LituRout / PSLD

Posterior Sampling using Latent Diffusion
124 stars 12 forks source link

Questions about the details of the box inpainting task (+quantitative results) #5

Closed Min-Jaewon closed 6 months ago

Min-Jaewon commented 6 months ago

Thank you for your interesting research. I have a few questions regarding the details of box inpainting task mentioned in the paper, as it seems to behave differently in the actual code.

image
  1. In the code, box inpainting uses randomly generated masks based on seed, which is not same with centered masked box mentioned in paper. However, I'm wondering where the code is that fixes the mask at the center of the box. Even if the seed is fixed, the randomly generated box should be fixed for each sample, but the mask is not fixed at the center. Can you clarify this? [code]
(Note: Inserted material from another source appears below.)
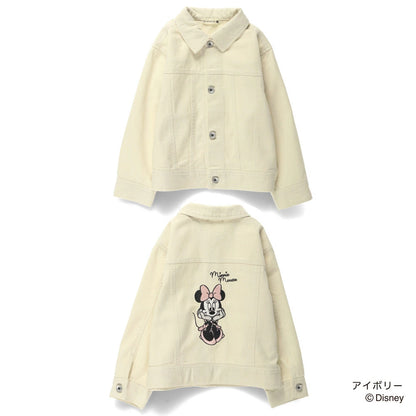日本童裝 Branshes x Disney 刺繡圖案外套 90-150cm 女童款 秋季 OUTERWEAR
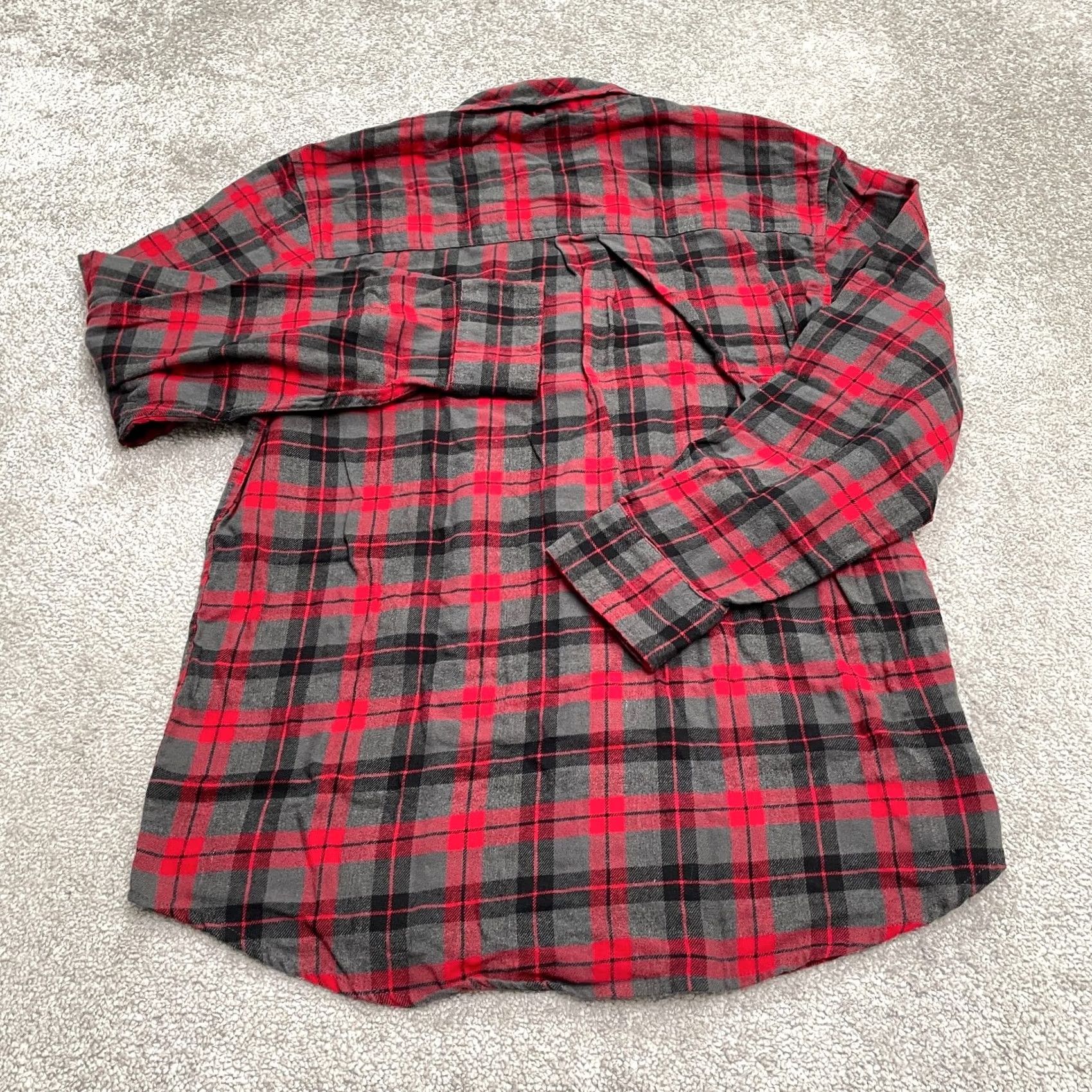 Vintage Field & Stream Flannel Shirt Mens L Red Gray Black Plaid Long Sleeve Casual Button-Up Modern Classic Size US L / EU 52-54 / 3 - 2 Thumbnail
  2. It is mentioned in the paper that a uniform drop probability between 20% and 80% is applied to every pixel. However, in the actual code, it seems to work differently. Instead of applying a uniformly picked drop probability to each pixel, the code multiplies a single probability, picked uniformly from the range of probability, to select the pixels to be masked. Which method was used in the paper? [code]

  3. In addition to the previous two questions, I'm curious whether the seed was fixed or not when measuring the quantitative results, and if it was fixed, what seed was used. Furthermore, in the paper, omega=1.0 and gamma=0.1 for all tasks, but omeag=0.1, gamma=0.01 are defualt for box inpainting in the code. Which parameter was used for quantiative and qaulitative results?

LituRout commented 6 months ago

Hi Min-Jaewon,

Thanks for your comment.

  1. We experimented with different box inpainting operators: (a) centered boxes ([64:192,64:192] for 256x256 images), (b) random boxes as in DPS (code), and (c) free-form boxes (Figure 1 in the paper). The quantitative results obtained from (b) were not consistent with the baseline DPS results reported in the DPS paper. The authors of the DPS paper acknowledged this difference and clarified that the inconsistency appeared due to randomness in the box location. Since DPS was our strongest baseline, we followed the same protocol (b) as suggested by the DPS authors. However, this should not drastically change the quantitative results because the final results are obtained by averaging over 1000 box-inpainting results.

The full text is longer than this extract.